# TASK TO CARRY OUT
The answer consists solely of the listing's lines from the first through the line containing "お風呂 時計 デジタル", each reproduced exactly.

PROVIDED INFORMATION Block Start

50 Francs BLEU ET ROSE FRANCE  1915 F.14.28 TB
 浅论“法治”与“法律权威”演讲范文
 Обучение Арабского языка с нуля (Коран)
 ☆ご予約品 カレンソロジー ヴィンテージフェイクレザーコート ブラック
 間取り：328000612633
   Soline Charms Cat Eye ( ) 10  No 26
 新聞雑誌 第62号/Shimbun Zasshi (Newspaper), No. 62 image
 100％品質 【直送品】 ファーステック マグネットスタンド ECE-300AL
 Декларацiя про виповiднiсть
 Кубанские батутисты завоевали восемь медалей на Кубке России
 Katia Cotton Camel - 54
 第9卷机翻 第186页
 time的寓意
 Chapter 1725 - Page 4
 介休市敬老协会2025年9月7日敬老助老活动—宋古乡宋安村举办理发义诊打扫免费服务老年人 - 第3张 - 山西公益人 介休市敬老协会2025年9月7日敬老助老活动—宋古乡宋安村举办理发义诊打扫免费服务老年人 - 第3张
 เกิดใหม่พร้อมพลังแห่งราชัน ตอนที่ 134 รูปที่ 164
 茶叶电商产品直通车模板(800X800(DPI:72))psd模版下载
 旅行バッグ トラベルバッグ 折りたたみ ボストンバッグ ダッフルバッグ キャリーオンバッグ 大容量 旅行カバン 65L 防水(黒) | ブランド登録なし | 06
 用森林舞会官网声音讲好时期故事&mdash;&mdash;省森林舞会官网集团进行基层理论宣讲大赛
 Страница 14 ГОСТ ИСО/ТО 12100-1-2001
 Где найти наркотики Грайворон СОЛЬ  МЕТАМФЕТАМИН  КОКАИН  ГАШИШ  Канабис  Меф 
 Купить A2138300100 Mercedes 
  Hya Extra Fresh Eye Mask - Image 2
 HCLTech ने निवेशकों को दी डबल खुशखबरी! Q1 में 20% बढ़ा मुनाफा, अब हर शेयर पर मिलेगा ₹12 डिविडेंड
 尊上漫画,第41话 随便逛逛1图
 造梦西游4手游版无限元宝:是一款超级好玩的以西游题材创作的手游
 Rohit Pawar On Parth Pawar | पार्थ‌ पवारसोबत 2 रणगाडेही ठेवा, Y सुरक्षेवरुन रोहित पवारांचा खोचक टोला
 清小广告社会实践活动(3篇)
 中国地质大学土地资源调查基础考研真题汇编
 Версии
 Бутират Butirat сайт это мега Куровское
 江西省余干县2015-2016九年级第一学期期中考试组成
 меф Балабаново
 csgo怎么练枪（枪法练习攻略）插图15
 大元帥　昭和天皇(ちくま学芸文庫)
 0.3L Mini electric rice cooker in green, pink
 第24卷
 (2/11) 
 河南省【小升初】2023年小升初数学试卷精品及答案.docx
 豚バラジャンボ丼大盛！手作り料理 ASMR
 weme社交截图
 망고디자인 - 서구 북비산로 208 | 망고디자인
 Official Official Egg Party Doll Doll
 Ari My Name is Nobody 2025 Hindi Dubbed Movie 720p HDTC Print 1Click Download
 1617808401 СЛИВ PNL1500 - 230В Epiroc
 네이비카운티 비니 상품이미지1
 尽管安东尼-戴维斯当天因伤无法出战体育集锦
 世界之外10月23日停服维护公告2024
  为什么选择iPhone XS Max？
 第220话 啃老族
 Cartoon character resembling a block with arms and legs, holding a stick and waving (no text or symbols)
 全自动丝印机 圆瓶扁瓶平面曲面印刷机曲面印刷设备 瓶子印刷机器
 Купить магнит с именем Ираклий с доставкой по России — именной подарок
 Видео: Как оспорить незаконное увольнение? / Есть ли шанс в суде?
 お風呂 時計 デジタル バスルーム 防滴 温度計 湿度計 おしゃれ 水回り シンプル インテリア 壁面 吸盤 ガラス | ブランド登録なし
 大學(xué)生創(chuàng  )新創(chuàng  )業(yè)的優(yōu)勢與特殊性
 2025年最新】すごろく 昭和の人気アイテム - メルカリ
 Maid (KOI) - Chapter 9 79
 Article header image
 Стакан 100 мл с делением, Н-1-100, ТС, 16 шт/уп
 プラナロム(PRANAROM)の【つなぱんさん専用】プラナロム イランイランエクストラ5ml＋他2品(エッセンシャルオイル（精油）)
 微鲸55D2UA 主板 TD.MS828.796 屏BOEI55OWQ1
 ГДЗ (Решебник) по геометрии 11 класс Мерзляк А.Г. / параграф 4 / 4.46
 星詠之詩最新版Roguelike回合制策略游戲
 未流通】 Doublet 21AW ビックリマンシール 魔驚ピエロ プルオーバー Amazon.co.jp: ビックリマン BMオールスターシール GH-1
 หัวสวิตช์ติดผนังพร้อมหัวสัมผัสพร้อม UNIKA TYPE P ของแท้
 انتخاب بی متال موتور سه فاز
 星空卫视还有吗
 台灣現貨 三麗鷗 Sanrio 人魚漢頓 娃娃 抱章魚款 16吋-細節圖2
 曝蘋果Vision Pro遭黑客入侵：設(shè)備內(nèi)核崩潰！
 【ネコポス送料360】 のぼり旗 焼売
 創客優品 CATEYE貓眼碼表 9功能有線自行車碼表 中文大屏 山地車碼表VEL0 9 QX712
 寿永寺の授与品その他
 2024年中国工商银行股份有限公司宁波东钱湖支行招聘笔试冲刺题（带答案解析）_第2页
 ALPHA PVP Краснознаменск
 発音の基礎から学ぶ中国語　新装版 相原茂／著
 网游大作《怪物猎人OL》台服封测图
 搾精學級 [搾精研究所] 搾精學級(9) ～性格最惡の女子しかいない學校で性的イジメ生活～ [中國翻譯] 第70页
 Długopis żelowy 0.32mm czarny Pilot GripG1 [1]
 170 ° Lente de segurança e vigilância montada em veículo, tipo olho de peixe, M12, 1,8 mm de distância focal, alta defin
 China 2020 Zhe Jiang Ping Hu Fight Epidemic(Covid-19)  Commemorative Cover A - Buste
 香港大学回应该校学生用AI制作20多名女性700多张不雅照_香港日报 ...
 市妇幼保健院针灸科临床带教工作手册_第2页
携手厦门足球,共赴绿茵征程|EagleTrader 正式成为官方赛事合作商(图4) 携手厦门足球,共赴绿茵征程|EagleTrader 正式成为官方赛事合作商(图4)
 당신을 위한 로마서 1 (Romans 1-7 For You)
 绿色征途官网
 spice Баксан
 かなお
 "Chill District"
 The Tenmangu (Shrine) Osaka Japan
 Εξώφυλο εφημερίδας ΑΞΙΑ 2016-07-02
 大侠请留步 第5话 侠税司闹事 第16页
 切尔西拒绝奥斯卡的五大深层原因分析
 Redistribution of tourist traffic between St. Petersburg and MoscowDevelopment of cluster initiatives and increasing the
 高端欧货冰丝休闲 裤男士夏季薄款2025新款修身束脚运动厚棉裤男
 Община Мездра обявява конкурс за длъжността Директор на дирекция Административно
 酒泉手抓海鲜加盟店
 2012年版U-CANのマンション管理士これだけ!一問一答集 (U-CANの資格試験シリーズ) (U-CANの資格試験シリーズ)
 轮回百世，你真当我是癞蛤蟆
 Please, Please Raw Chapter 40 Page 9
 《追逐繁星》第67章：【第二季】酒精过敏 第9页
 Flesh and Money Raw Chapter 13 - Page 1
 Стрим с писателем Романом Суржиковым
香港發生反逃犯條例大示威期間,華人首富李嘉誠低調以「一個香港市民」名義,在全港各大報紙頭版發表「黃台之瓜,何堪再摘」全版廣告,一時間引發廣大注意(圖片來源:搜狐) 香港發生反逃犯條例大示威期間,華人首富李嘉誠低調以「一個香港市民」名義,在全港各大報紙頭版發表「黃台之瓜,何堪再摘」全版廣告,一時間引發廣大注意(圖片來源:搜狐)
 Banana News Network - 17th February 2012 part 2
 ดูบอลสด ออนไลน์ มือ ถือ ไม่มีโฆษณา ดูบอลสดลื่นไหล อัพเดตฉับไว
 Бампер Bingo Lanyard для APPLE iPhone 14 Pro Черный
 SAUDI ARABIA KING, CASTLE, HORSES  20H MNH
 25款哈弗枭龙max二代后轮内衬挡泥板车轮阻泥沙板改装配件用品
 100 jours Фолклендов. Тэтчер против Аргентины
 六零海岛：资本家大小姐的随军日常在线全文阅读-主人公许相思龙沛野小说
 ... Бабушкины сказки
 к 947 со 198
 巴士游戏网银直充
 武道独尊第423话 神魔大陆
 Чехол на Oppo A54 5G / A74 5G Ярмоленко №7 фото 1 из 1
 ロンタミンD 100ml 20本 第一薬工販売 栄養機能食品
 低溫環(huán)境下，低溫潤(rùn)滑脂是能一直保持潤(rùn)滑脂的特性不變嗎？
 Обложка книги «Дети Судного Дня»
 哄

PROVIDED INFORMATION Block End

# PROBLEM SOLUTION
50 Francs BLEU ET ROSE FRANCE  1915 F.14.28 TB
 浅论“法治”与“法律权威”演讲范文
 Обучение Арабского языка с нуля (Коран)
 ☆ご予約品 カレンソロジー ヴィンテージフェイクレザーコート ブラック
 間取り：328000612633
   Soline Charms Cat Eye ( ) 10  No 26
 新聞雑誌 第62号/Shimbun Zasshi (Newspaper), No. 62 image
 100％品質 【直送品】 ファーステック マグネットスタンド ECE-300AL
 Декларацiя про виповiднiсть
 Кубанские батутисты завоевали восемь медалей на Кубке России
 Katia Cotton Camel - 54
 第9卷机翻 第186页
 time的寓意
 Chapter 1725 - Page 4
 介休市敬老协会2025年9月7日敬老助老活动—宋古乡宋安村举办理发义诊打扫免费服务老年人 - 第3张 - 山西公益人 介休市敬老协会2025年9月7日敬老助老活动—宋古乡宋安村举办理发义诊打扫免费服务老年人 - 第3张
 เกิดใหม่พร้อมพลังแห่งราชัน ตอนที่ 134 รูปที่ 164
 茶叶电商产品直通车模板(800X800(DPI:72))psd模版下载
 旅行バッグ トラベルバッグ 折りたたみ ボストンバッグ ダッフルバッグ キャリーオンバッグ 大容量 旅行カバン 65L 防水(黒) | ブランド登録なし | 06
 用森林舞会官网声音讲好时期故事&mdash;&mdash;省森林舞会官网集团进行基层理论宣讲大赛
 Страница 14 ГОСТ ИСО/ТО 12100-1-2001
 Где найти наркотики Грайворон СОЛЬ  МЕТАМФЕТАМИН  КОКАИН  ГАШИШ  Канабис  Меф 
 Купить A2138300100 Mercedes 
  Hya Extra Fresh Eye Mask - Image 2
 HCLTech ने निवेशकों को दी डबल खुशखबरी! Q1 में 20% बढ़ा मुनाफा, अब हर शेयर पर मिलेगा ₹12 डिविडेंड
 尊上漫画,第41话 随便逛逛1图
 造梦西游4手游版无限元宝:是一款超级好玩的以西游题材创作的手游
 Rohit Pawar On Parth Pawar | पार्थ‌ पवारसोबत 2 रणगाडेही ठेवा, Y सुरक्षेवरुन रोहित पवारांचा खोचक टोला
 清小广告社会实践活动(3篇)
 中国地质大学土地资源调查基础考研真题汇编
 Версии
 Бутират Butirat сайт это мега Куровское
 江西省余干县2015-2016九年级第一学期期中考试组成
 меф Балабаново
 csgo怎么练枪（枪法练习攻略）插图15
 大元帥　昭和天皇(ちくま学芸文庫)
 0.3L Mini electric rice cooker in green, pink
 第24卷
 (2/11) 
 河南省【小升初】2023年小升初数学试卷精品及答案.docx
 豚バラジャンボ丼大盛！手作り料理 ASMR
 weme社交截图
 망고디자인 - 서구 북비산로 208 | 망고디자인
 Official Official Egg Party Doll Doll
 Ari My Name is Nobody 2025 Hindi Dubbed Movie 720p HDTC Print 1Click Download
 1617808401 СЛИВ PNL1500 - 230В Epiroc
 네이비카운티 비니 상품이미지1
 尽管安东尼-戴维斯当天因伤无法出战体育集锦
 世界之外10月23日停服维护公告2024
  为什么选择iPhone XS Max？
 第220话 啃老族
 Cartoon character resembling a block with arms and legs, holding a stick and waving (no text or symbols)
 全自动丝印机 圆瓶扁瓶平面曲面印刷机曲面印刷设备 瓶子印刷机器
 Купить магнит с именем Ираклий с доставкой по России — именной подарок
 Видео: Как оспорить незаконное увольнение? / Есть ли шанс в суде?
 お風呂 時計 デジタル バスルーム 防滴 温度計 湿度計 おしゃれ 水回り シンプル インテリア 壁面 吸盤 ガラス | ブランド登録なし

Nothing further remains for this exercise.